BEGIN DATA

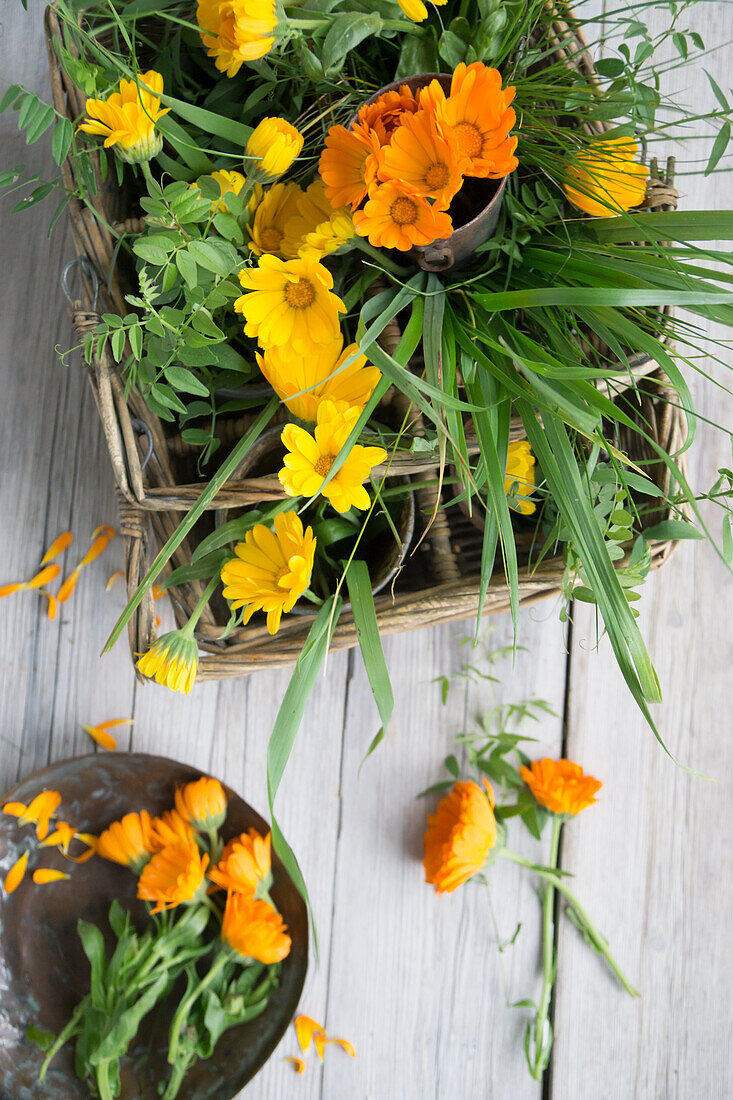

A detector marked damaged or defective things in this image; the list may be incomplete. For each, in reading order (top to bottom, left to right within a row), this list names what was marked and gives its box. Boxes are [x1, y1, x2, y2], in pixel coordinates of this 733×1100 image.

rusty metal tin [352, 73, 506, 272]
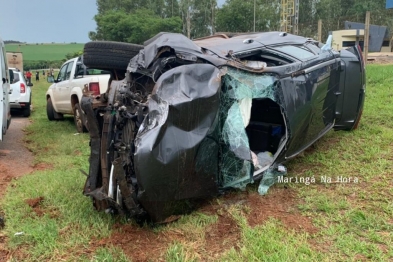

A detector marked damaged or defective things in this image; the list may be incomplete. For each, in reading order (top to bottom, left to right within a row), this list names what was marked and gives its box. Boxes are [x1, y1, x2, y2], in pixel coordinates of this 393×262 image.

overturned black car [80, 31, 364, 222]
crushed car door [332, 46, 366, 131]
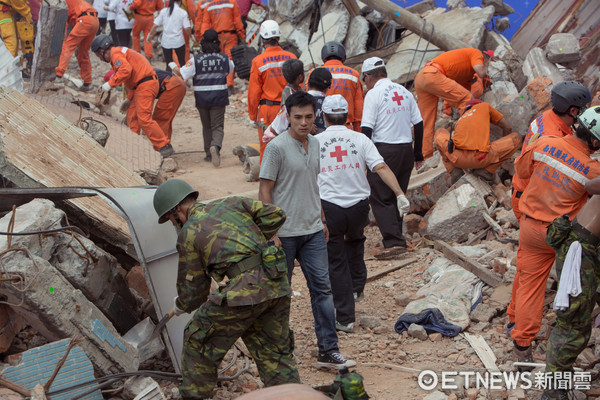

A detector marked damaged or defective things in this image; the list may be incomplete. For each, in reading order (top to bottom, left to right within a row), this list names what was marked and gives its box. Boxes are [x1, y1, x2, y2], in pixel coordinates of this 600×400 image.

broken concrete slab [300, 10, 352, 66]
broken concrete slab [342, 15, 370, 58]
broken concrete slab [386, 6, 494, 83]
broken concrete slab [524, 47, 564, 86]
broken concrete slab [544, 32, 580, 64]
broken concrete slab [0, 86, 149, 258]
broken concrete slab [408, 163, 450, 212]
broken concrete slab [426, 182, 488, 242]
broken concrete slab [0, 252, 138, 374]
broken concrete slab [0, 340, 102, 400]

END DATA

• **WORK REQUIRED**
Retype each record exactly as it appears above and drop the images.

• **RESPONSE AREA**
A detector marked damaged or defective things in this image; the list may be incomplete. For each, in reading order (top to bottom, left to right within a row), this list names what was marked and gives its box. Boxes are [x1, y1, x2, y2], in pixel coordinates of this 733×1100 image.

rusty metal tin [352, 73, 506, 272]

A detector marked damaged or defective things in this image; the list may be incomplete. For each, in reading order (top to bottom, left to right within a row), this list names what was marked and gives its box. Boxes are [x1, y1, x2, y2], in pixel coordinates of this 393×262 image.

overturned black car [80, 31, 364, 222]
crushed car door [332, 46, 366, 131]

A detector marked damaged or defective things in this image; the list may be incomplete. For each, in reading order (top to bottom, left to right within a row), this list names what was marked and gives its box. Boxes are [x1, y1, x2, y2], in pixel coordinates of this 600×400 image.

broken concrete slab [300, 10, 352, 66]
broken concrete slab [342, 15, 370, 58]
broken concrete slab [386, 6, 494, 83]
broken concrete slab [524, 47, 564, 86]
broken concrete slab [544, 32, 580, 64]
broken concrete slab [0, 86, 149, 258]
broken concrete slab [408, 163, 450, 212]
broken concrete slab [426, 182, 488, 242]
broken concrete slab [0, 252, 138, 374]
broken concrete slab [0, 340, 102, 400]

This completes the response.